Emenda tornou comercial área de clube
Londrina - Uma das emendas que deixa claro o interesse individual do dono do imóvel é a número 48, que transforma o terreno do Canadá Country Club, na Avenida Juscelino Kubitschek, em zona comercial seis (ZC6), o que valorizaria sobremaneira a área.
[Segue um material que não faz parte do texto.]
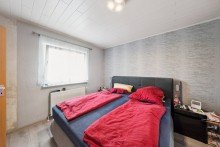 Schlafzimmer 1 Charmante Doppelhaush�lfte mit Wintergarten, Pool & gro�em Garten, nur 5 Min. zum Bahnhof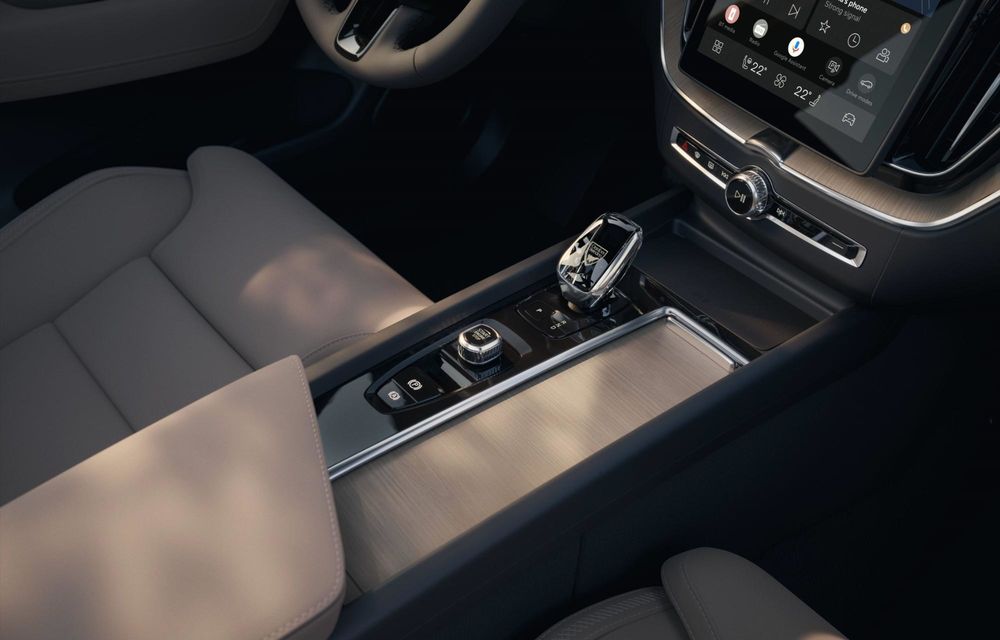 Noul Volvo XC60 facelift: sistem multimedia mai rapid și materiale noi la interior - Poza 17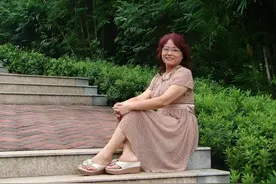 59岁的女人自述：离婚6年后再见前夫，我庆幸离婚了图片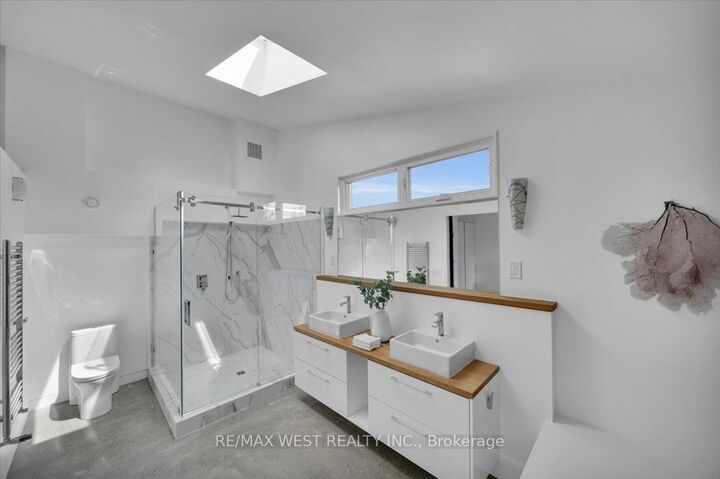 Property Photo: 38 Smithfield Drive ON M8Y 3M2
Hoje, o terreno, que chega até o córrego Água Fresca, é zona residencial dois (ZR2) assim como todos os lotes próximos cujo impacto ambiental e urbanístico é incomparavelmente menor que a ZC6.
A CJ e a CDU apresentaram a emenda atendendo proposta do presidente do clube, José Ricardo Marquezini Jabur, na qual disse que a intenção é vender 12 mil metros quadrados da área, o que seria o suficiente para quitação dívidas trabalhistas e fiscais. "É de conhecimento público", disse ele, que o clube "está passando por grandes dificuldades financeiras, inclusive indo a leilões". Para comover os vereadores, o presidente destaca "a relevância desta agremiação" cujas "modalidades olímpicas já revelaram atletas de seleção brasileira de voleibol".
De autoria conjunta das comissões de Justiça, então composta por Péricles Deliberador (PMN), José Roque Neto (PR) e Roberto Fú (PDT), e de Desenvolvimento Urbano, cujos integrantes eram Vilson Bittencourt (PSL), Elza Correia (PMDB) e Joaquim Donizete do Carmo, o Gaúcho Tamarrado (PDT), a emenda recebeu lacônico parecer favorável da comissão técnica de Kireeff: "O lote tem frente para via arterial, o que comporta o zoneamento ZC6, e a proposta é adequada para a natureza da atividade de clube recreativo".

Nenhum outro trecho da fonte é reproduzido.